Dopo le tristi vicende della manovra finanziaria italiana, ormai condotta in porto con grande soddisfazione dei nostri partner europei malgrado sia una delle peggiori mai viste come provvedimenti si torna a tirare il fiato in ambito euro, giusto? La Grecia e il Portogallo sono molto più piccoli dell’Italia e la Spagna dovrebbe essere messa meglio, giusto?

BEEP! Sbagliato. Gli stress test indicano come sottocapitalizzate cinque banche di rilievo in Spagna, più un istituto greco a far da contorno e uno tedesco a fare da sorpresa. RI-BEEP!! Altre banche europee sparse qua e là sono da considerare a rischio quando entreranno in vigore i parametri di Basilea III. Va bene, si può fare. Si fonderanno delle banche, altre dovranno aumentare il capitale. Ci rilassiamo adesso?

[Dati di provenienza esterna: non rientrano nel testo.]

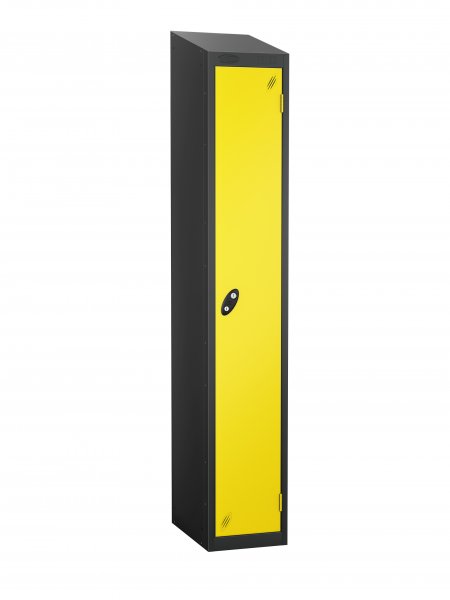 Single Metal Storage Locker | Single Door | 1780 x 305 x 305mm | Black Carcass | Lemon Door | Hasp & Staple Lock | Sloping Top | Probe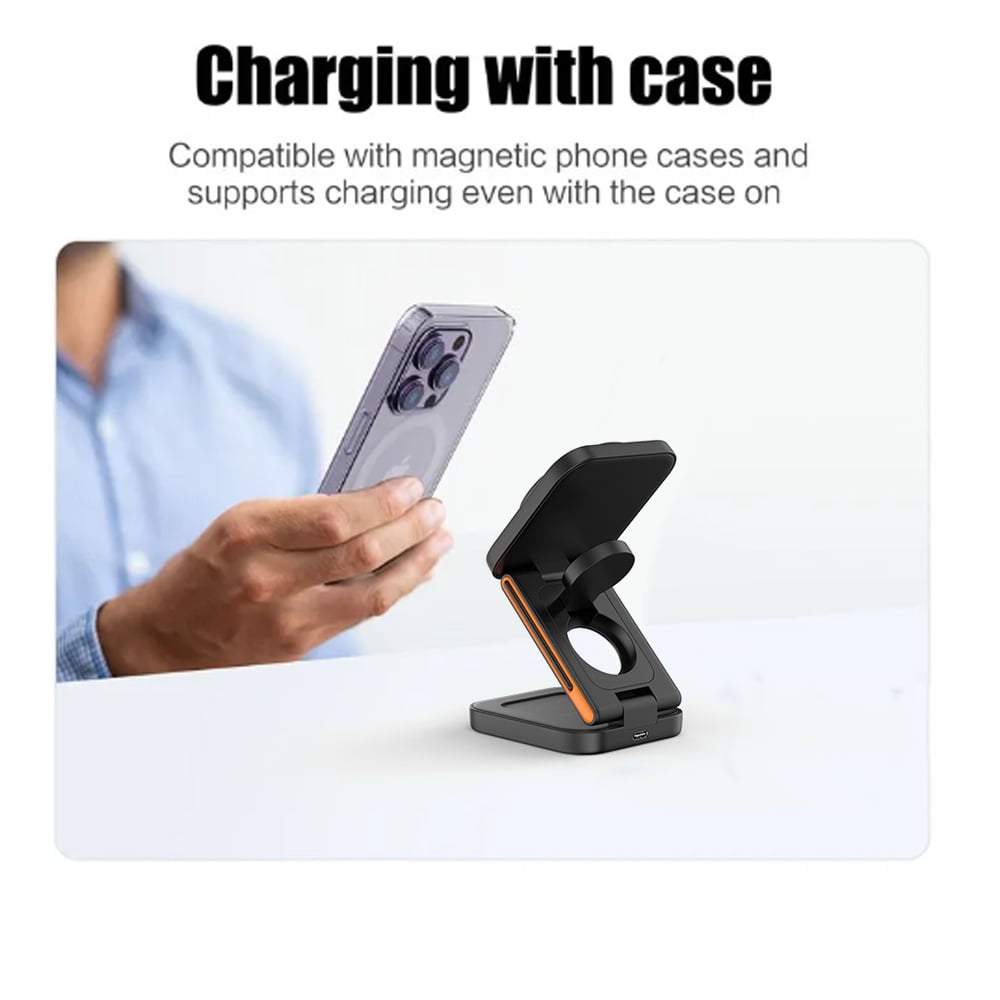 100W 3-in-1 Magnetic Foldable Wireless Charging Station for Smartphones Smartwatches & Earbuds-Black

BEEEP! BEEEEEPPP!!! No, non se ne parla. Avete presente gli USA? Sono a rischio di default. Se non trovano un accordo politico tra democratici e repubblicani per tagliare il budget e aumentare il tetto massimo di fabbisogno ai primi di agosto di quest’anno l’economia statale americana salta.

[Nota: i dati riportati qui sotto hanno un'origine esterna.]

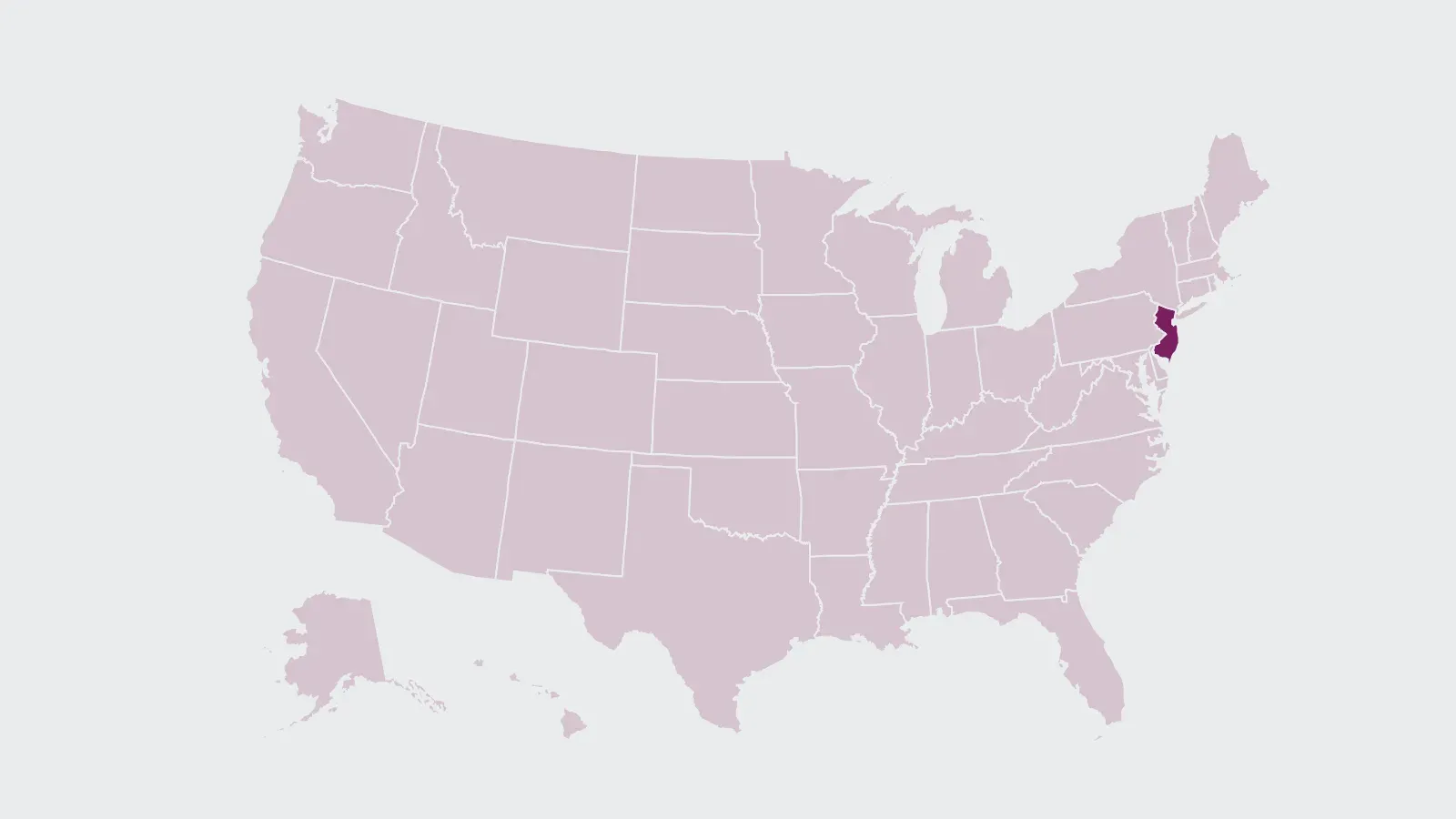 Map of the United States with New Jersey highlighted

Sì, politico. Non un accordo tecnico. Politico. Si giocano il futuro della nazione e l’innesco di una crisi economica che farebbe sembrare quella attuale un girotondo per giochi politici interni. Con la Cina, maggior creditore della nazione, che li guarda con gli occhi fuori dalla testa.

Guardano al 2012, alla corsa alla prossima presidenza. Tea party contro Repubblicani ‘di centro’, Democratici divisi in almeno tre gruppi che si guardano in cagnesco, un livello di disoccupazione che non cala e gli investimenti che non ripartono. Responsabilità? Dovere verso il popolo americano? What?